Таким образом, современники прямо указывали, какие именно изображения А. Н. Островского надо использовать при создании ему памятника, и, разумеется, скульптор прислушался к их рекомендациям. К счастью, сохранились и свидетельства, как выглядел и как одевался драматург, когда приезжал в свою усадьбу. «В Щелыкове, — сообщал П. М. Невежин, — он сбрасывал с себя «городское платье» и, облачившись в рубаху и большие сапоги, благодушествовал на лоне природы». К. В. Загорский писал о том же: «В своей усадьбе Александр Николаевич ходил в русском костюме: в рубашке навыпуск, шароварах, длинных сапогах, серой коротенькой поддевке и шляпе с широкими полями». И Н. А. Кропачев, гостивший в Щелыкове уже в 80-е годы, тоже вспоминает, что «в деревне Александр Николаевич зачастую носил русскую рубашку с шароварами и мягкие казанские сапоги».

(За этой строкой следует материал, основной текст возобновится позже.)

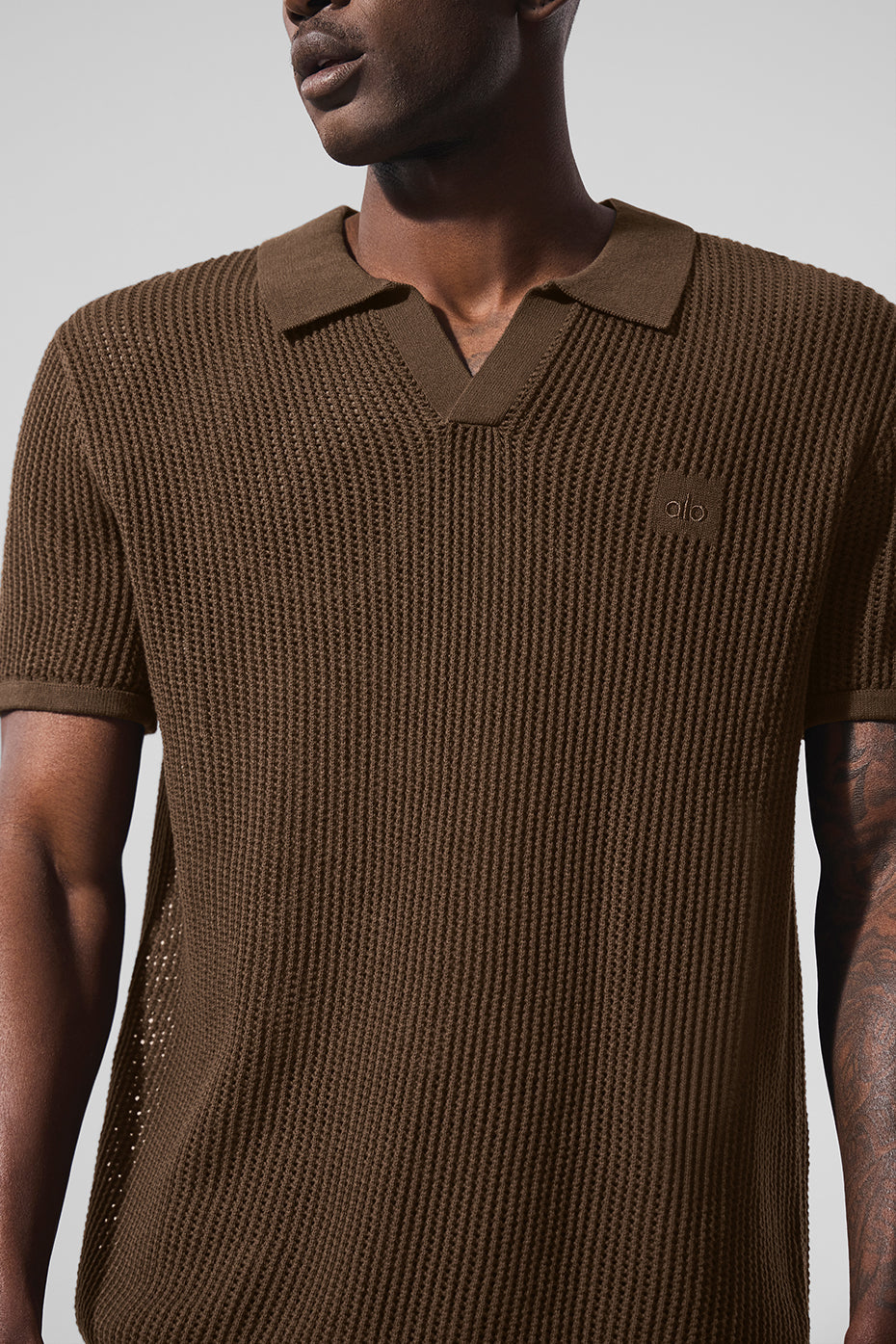 Open-Knit Polo - Espresso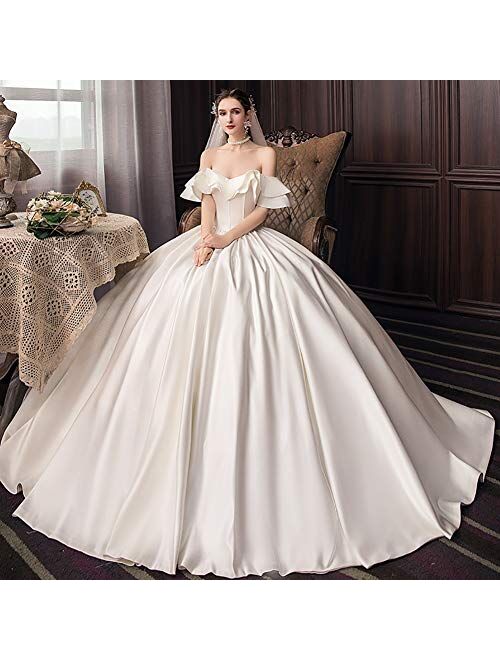 Women's Satin Wedding Dresses Ball Gowns Formal Party Bride Backless Dress Long Skirt (Color : White, Size : Large)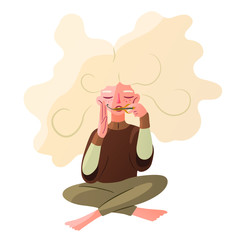 A cute girl with long hair sits in a lotus position and plays on a jaw harp. Vector colored isolated character in a trance while playing a musical instrument. Calmness, concentration, pacification.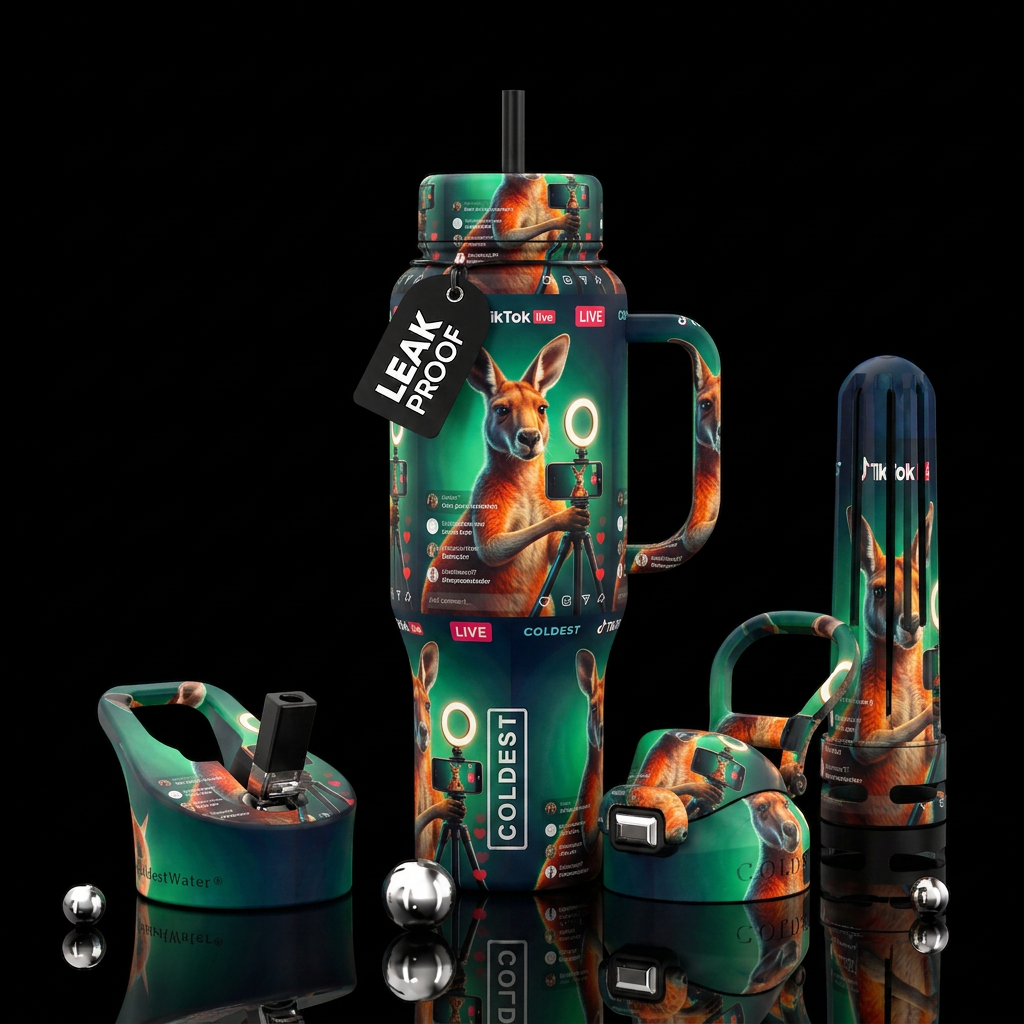 Kangaroo recording TikTok live for coldest water bottle design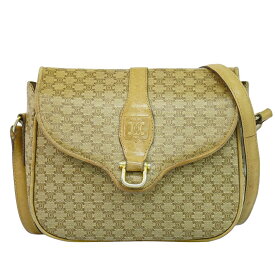本物 セリーヌ CELINE マカダム ショルダーバッグ ポシェット PVC ベージュ Macadam バッグ 中古・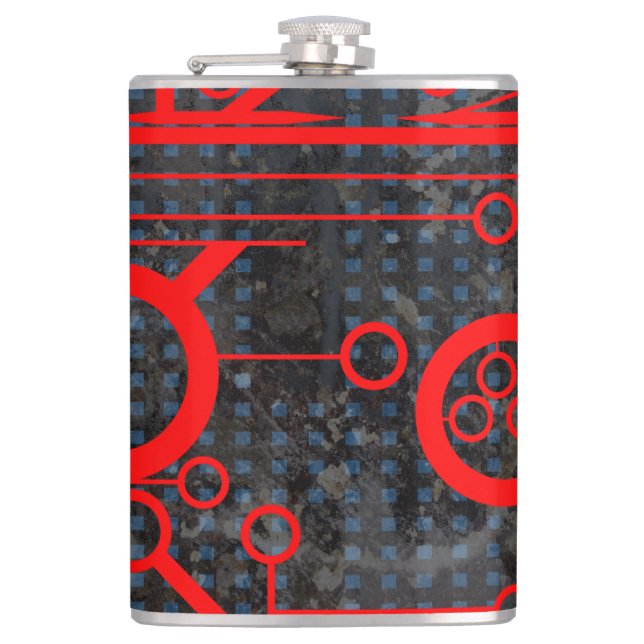 Red Circuit Hip Flask (Front)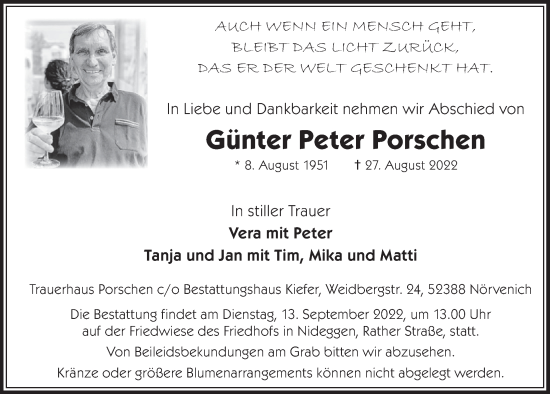 Anzeige von Günter Peter Porschen von  Wochenende 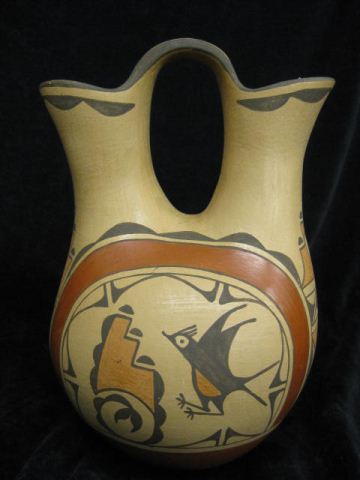 Indian Pottery Wedding Jug by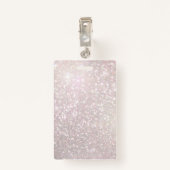 ロゴIDカードのシャンパフェイクーングリッター バッジ (裏面クリップ)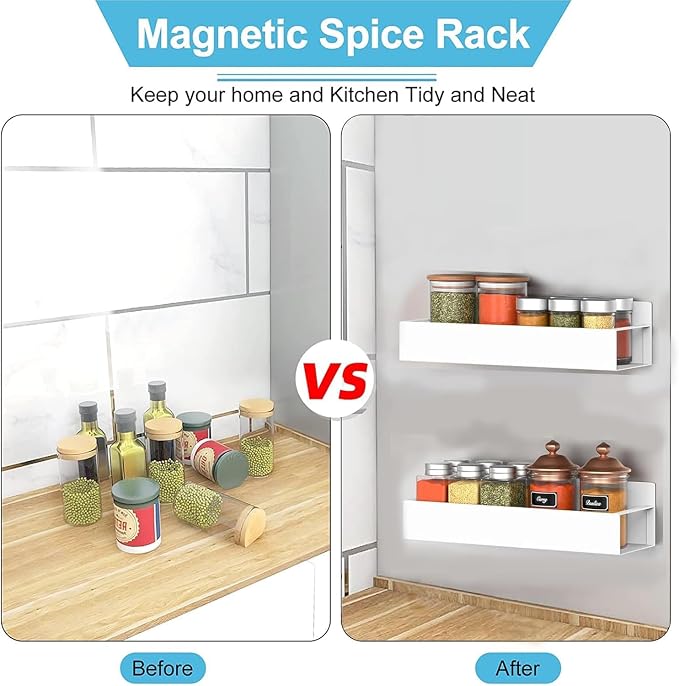 Metal 2 Pack Magnetic Spice Storage Rack Organizer for Refrigerator and Oven, Fridge Organizers and Storage White
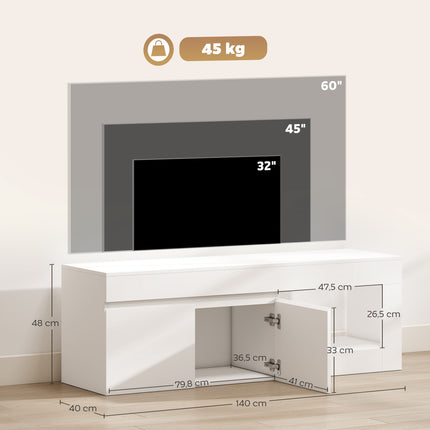 White TV Stand with Doors and Shelf for 60-Inch TVs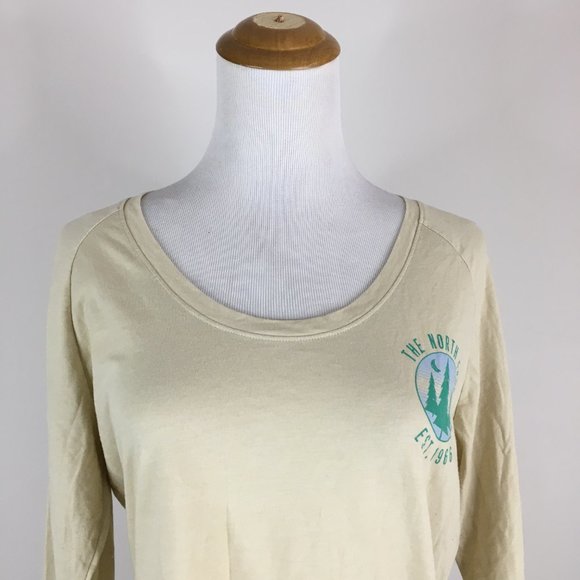 THE NORTH FACE Standard Fit Beige with Green Blue Logo Print Long Sleeve Shirt - Picture 4 of 11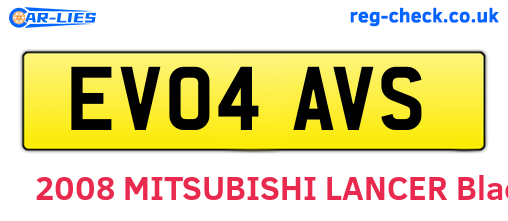 EV04AVS are the vehicle registration plates.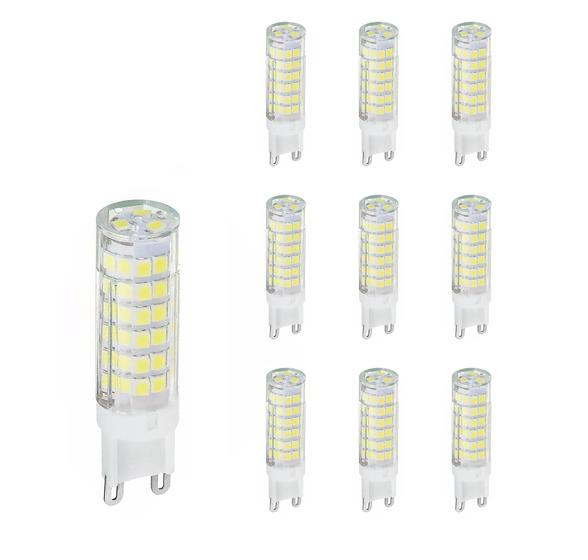 Kit10 Lâmpada Led Halopim G9 7w Lustres E Pendentes Bivolt - BRANCO FRIO - GOLDENSKY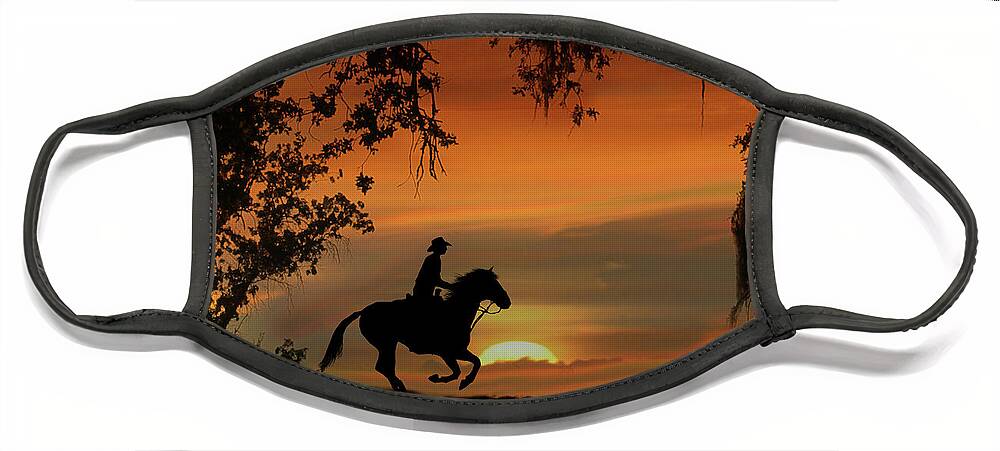 Cowboy Face Mask featuring the photograph Happy Trails Cowboy Riding off into the Sunset by Stephanie Laird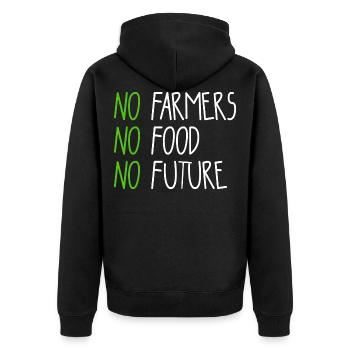 No Farmers - No Food - No Future - Bauer Landwirt - Unisex Premium Bio Zip Hoodie - Schwarz - Hinten - Nico (187cm)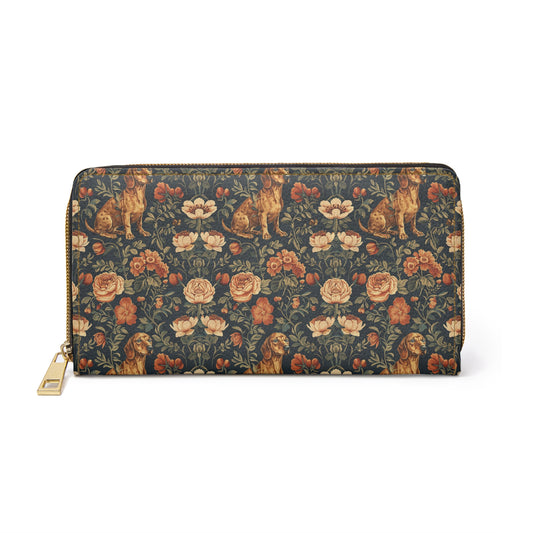 Dazzling Dachsund Blossoms & Foliage Zipper Wallet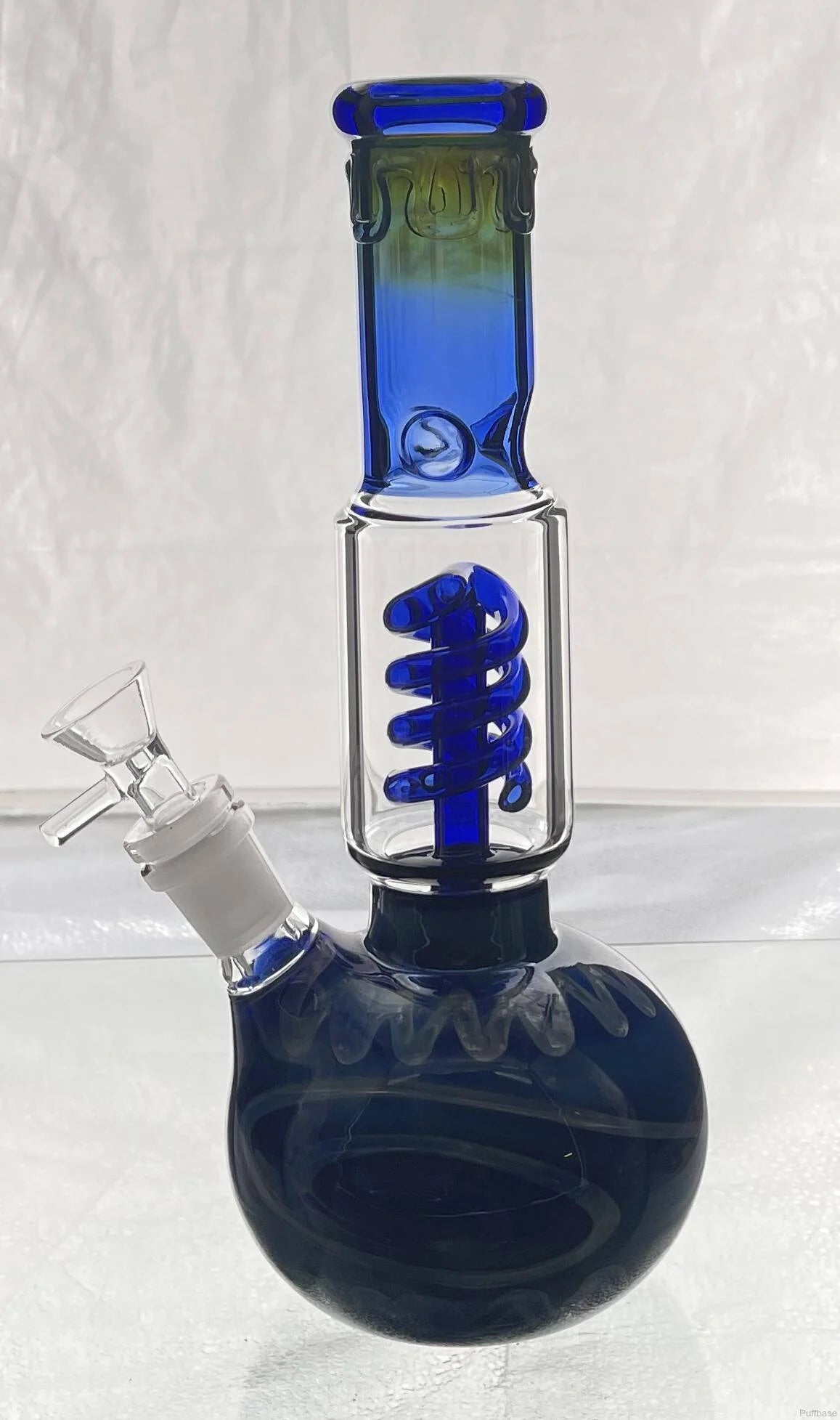 10 Inch Blue Round Base Sprial Bong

Такая одежда облегчала сношения драматурга с окрестными крестьянами. Это, в частности, подчеркивала и местная жительница М. И. Иванова в разговоре с корреспондентом в 1936 г.: «В сенокос, вооружившись граблями, Александр Николаевич ходил на луг. В русской рубахе-косоворотке, белой или кумачовой, он был таким простым и доступным каждому, что крестьяне не стеснялись обратиться к нему с любым вопросом». В прохладную и пасмурную погоду Островский, выходя на прогулку, надевал на себя что-нибудь и из верхней одежды. Скульптор увековечил его на памятнике в рубахе, в сапогах, не решился лишь покрыть ему голову широкополой шляпой — нам как-то трудно представить в ней Островского.
Монумент прост, непретенциозен. И стоит он так, что хорошо виден из усадьбы, а все, идущие в дом-музей, проходят мимо бронзового Островского. Летом на постаменте памятника всегда лежат букеты цветов — их приносят туристы. А зимой — сосновые веточки.